Page 1 of 1

Slow convert on TIFF files

Posted: 2009-10-01T07:24:22-07:00
by djdifulvio
Rather new to this software, but it seems to take a very long time for the "convert" command to do anything?

I am running the following:

Code: Select all

convert -depth 8 -monochrome oldfile.tif newfile.tif
The server is a 3Ghz+ Intel Dual Core with 4GB 667Mhz DDR2 Ram with a single 120GB 7.2K RPM SATA2 drive (Dev/test server). I never had any problems running large processing and memory code or applications, including graphics converters; however this command locks up my system while running.

The TIFF files are exported from a German DMS system and are 2550 x 3300 at 300dpi, 1 bits/sample, CCITT Group 4 compressed. I do notice that when it did complete there had been several "unknown field with tag #####" errors which I assume it is just some junk fields added by the DMS software? However, on a side note, that same 16 page document when next ran in Tresseract for OCR listed 62 pages processes, while it only has 16..?

Any idea on how to make this process, other then using another tool?

Re: Slow convert on TIFF files

Posted: 2009-10-01T09:44:37-07:00
by magick
You can determine the characteristic of a TIFF image with the tiffinfo program.

ImageMagick is probably slow because its caching the pixels to disk since you have a large image. See http://www.imagemagick.org/script/architecture.php.

Re: Slow convert on TIFF files

Posted: 2009-10-01T09:50:15-07:00
by fmw42
I am not an expert on this, but some things that have been noted:

1) Proper IM syntax is

convert input options output.

But this probably will not help. But see http://www.imagemagick.org/Usage/basics/#cmdline

2) I have seen topics where things were slow and it was suggested to disable support for OpenMP and then things got faster. Recompile with --disable-openmp

3) What version of IM are you using? If old, then also try upgrading?


Magick is the expert, so do whatever he suggests.

Re: Slow convert on TIFF files

Posted: 2009-10-02T11:32:45-07:00
by djdifulvio
TIFFINFO works find, returns back very quickly and tells me:

Code: Select all

TIFF Directory at offset 0x7c (124)
  Subfile Type: multi-page document (2 = 0x2)
  Image Width: 2550 Image Length: 3300
  Resolution: 300, 300 pixels/inch
  Bits/Sample: 1
  Compression Scheme: CCITT Group 4
  Photometric Interpretation: min-is-white
  Thresholding: bilevel art scan
  FillOrder: lsb-to-msb
  Orientation: row 0 top, col 0 lhs
  Samples/Pixel: 1
  Rows/Strip: 16
  Planar Configuration: single image plane
  ImageDescription: 
  Make: DOCUNET Germany
  Model: SCA
  Software: DACS Toolkit II
  DateTime: 2009:09:21 16:28:03
  Tag 33948: 0,0,0,0,64,0,0,0,136,0,0,0,136,0,0,0,12,0,0,0,64,0,0,0,60,0,0,0,0,0,0,0,0,0,0,0,0,0,0,0,1,0,0,0,72,0,0,0,72,0,0,0,64,0,0,0,0,0,0,0,0,0,0,0,0,0,0,0,72,0,0,0,2,0,0,0,150,207,62,19,11,6,216,7,239,4,2,10,8,78,0,0,0,0,0,0,0,0,0,0,0,0,0,0,0,0,0,0,0,0,0,0,0,0,0,0,0,0,0,0,0,0,0,0,0,0,0,0,0,0,0,0,0,0,0,0
  Tag 33949: 0
  Group 4 Options: (0 = 0x0)
That is of course the info for one page with this test file, however I do receive on my console many:

Code: Select all

TIFFReadDirectory: Warning, filename.tif: unknown field with tag 33949 (0x849d) encountered.
Perhaps I am off on the speed of IO between a disc drive and other parts of the system, but I am very sure that a SATA2 drive and dual core processes running a 64-bit distribution would be able to do a 16 page documents a little faster then hours.

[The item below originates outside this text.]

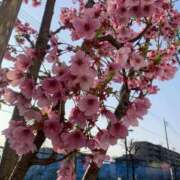 ヒメ日記 2026/03/29 21:04 投稿 マミ Club 妻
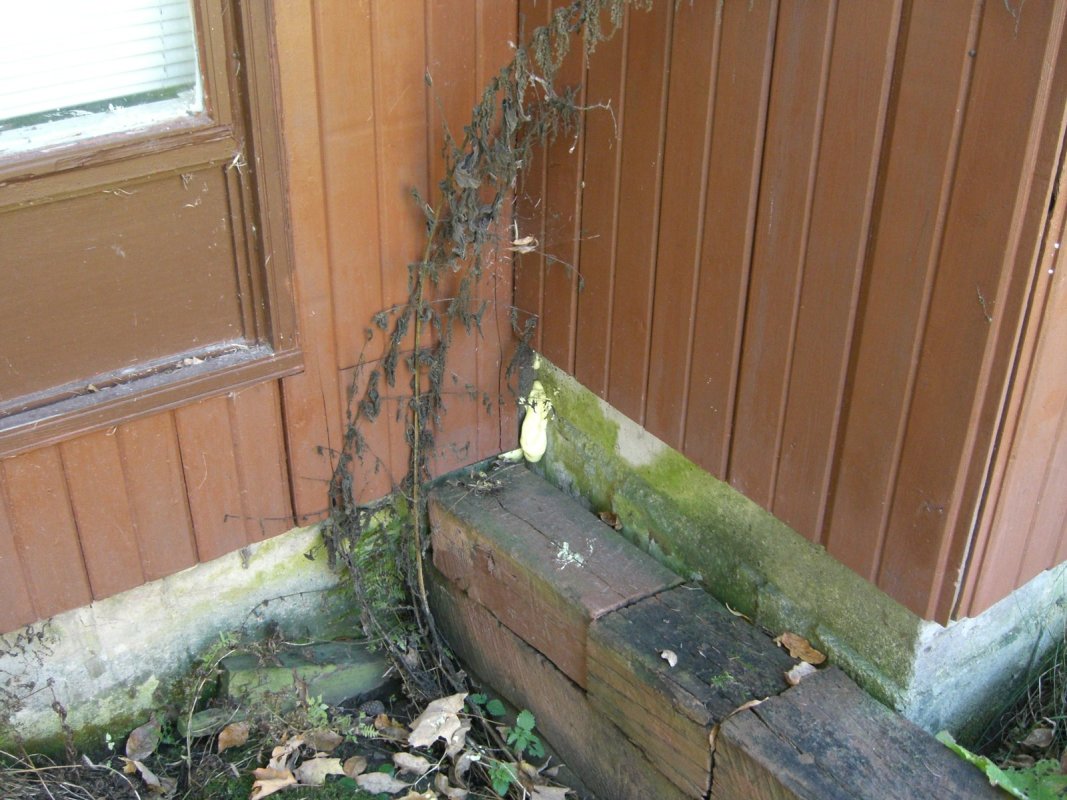 Scaled image cimg1666.jpg (159kB)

As for the command syntax used, there is sense to my madness, it is the command line used by OpenKM when uploading a TIFF document, just before it is submitted to Tesseract-OCR for processing. I assume that the point of the syntax is to make sure the document is maximized for OCR, however it is not working, perhaps due to the "unknown field with tag" errors, or the very long processing time.

I am using the current stable build from the website, 6.5.6-5, and I also tried the version that can be apt-get installed, both ran the same way, however I might retest the older version next.

Re: Slow convert on TIFF files

Posted: 2009-10-02T13:55:21-07:00
by fmw42
You do have a very large image and perhaps not enough memory so it writes between disk and memory.

Magick will need to advise further on how to handle this if that is the case.